Larry J. Miller May 02, 2012 at 03:12 PM
This is a VERY strange turn of events! I just went to city hall on Monday and asked the city what was happening out there. No one knew anything but they said they would find out and give me a call back. They also looked up the land use and according to the city the land is not zoned for agricultural. Yesterday they called me and said someone from Seeno had stated that "someone is clearing our land for us and seeding it". They didn't say what. So it appears that Seeno is lying again! According to the article, they are growing a "crop". Sounds like agricultural to me! So there go our green hills!
JB Davis (Editor) May 02, 2012 at 03:47 PM
A couple of things I think are important to remember: 1) Albert Seeno is a businessman and will always try and make money with that land. 2) The Seeno family has been running cattle on the land for at least 20 years and probably longer. Grazing cattle seems like an agricultural use and the city has never tried to stop that so why would they get cranky about a crop farmer. The farmer left grass around the drainage areas too. He didn't plow every square meter of ground.
Larry J. Miller May 02, 2012 at 03:48 PM
Larry Lamoreux May 02, 2012 at 06:23 PM
Oil seed crops like safflower are increasingly being planted with genetically modified seeds that produce herbicide (i.e., Glyphosate, or "Roundup") resistant plants. Does anyone know what type of seeds are being planted here?
Deane May 02, 2012 at 06:57 PM
Dear Larry J. Miller.....Thank you for supporting the local farmers!! I am sure they appreciate it. Our farmers feed America.
JB Davis (Editor) May 02, 2012 at 07:16 PM
Larry, In the future, please don't use all caps. We strive for respectful conversations here and all caps is the internet equivalent of yelling.
JB Davis (Editor) May 02, 2012 at 07:18 PM
I don't know if these farmers are using Roundup resistant seed but, since they aren't using any herbicides or pesticides, we can hope they aren't using genetically modified seeds.
Karen LaRiviere May 02, 2012 at 09:03 PM
JB you're right - he is a businessman and will always try and make money, however, his methods are usually questionable to say the least. If he was changing the use of that land, doesn't he have to talk to someone at City Hall first? If he's going to grow whatever, don't most crops require water?
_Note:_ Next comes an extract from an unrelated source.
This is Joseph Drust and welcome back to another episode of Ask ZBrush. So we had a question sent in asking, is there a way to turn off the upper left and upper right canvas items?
Is there any water up there for him to use? Weren't there some environmental issues to him bulldozing the hills for his development? What has changed?
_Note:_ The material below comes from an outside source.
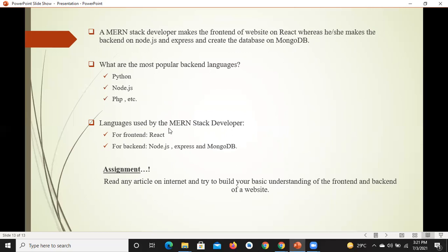Languages used by the MERN stack developer: for front end, the MERN stack developer uses React; whereas for the backend, MERN stack uses Node.js and Express frameworks, and MongoDB for creating the database. Backend बनाने के लिए popular languages की बात करें तो infinite number of languages मौजूद हैं — Python यानि Django framework, Node.js जो JavaScript की library है, PHP और multiple other languages से आप backend बना सकते हैं।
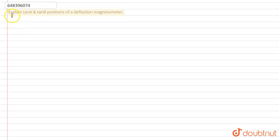Hello student, here the question is, explain tan A and tan B positions of a deflection galvanometer.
Sean McCauley May 02, 2012 at 10:45 PM
Thank You for your questions. We use no GMO Seed in our farming ventures. Round up ready seed is normally either Corn or Soybean crop. @ Karen...we are dry farmers and we depend on Mother Nature to irrigate our crops.
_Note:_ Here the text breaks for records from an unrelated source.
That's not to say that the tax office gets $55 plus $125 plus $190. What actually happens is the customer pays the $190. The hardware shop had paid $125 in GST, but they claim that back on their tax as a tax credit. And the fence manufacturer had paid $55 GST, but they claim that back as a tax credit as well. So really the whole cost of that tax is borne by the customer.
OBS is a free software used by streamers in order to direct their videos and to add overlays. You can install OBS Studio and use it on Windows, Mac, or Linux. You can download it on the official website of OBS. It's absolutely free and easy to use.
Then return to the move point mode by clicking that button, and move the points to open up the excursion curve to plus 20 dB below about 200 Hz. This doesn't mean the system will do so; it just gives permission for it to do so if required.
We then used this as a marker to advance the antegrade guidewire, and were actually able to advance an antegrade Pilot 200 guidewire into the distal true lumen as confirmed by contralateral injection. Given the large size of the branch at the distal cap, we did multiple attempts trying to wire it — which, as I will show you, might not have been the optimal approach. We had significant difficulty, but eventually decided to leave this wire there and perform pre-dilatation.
JB Davis (Editor) May 03, 2012 at 02:10 AM
Thanks for chiming in Sean! Karen, the difference is that the farmer is plowing the fields. The Seeno development that was first proposed had a lot of dirt being moved from one part of the property to another in order to level it out. Nothing like that was done here. They didin't move the dirt, just turned the weeds under.
Robert Livesay May 03, 2012 at 07:34 PM
I am glad they are doing the ag on the land. It more than likely is a violation, but the state may have the final say. We will see. I do like what they are doing.
"The Black Panther of Poetry" May 06, 2012 at 03:09 AM
trust me larry miller i know, j.b. hates all caps. I just whispered that statement because if all caps are equivalent to yelling. Then it suffice it to say that all lower case is whispering!!! " now go to bed" shhhhhhhhhhhhhh! shhhhhhhhhhhh!
G Cooper March 12, 2013 at 07:09 PM
I'd rather see farmland instead of buildings thanks Seeno, keep it up!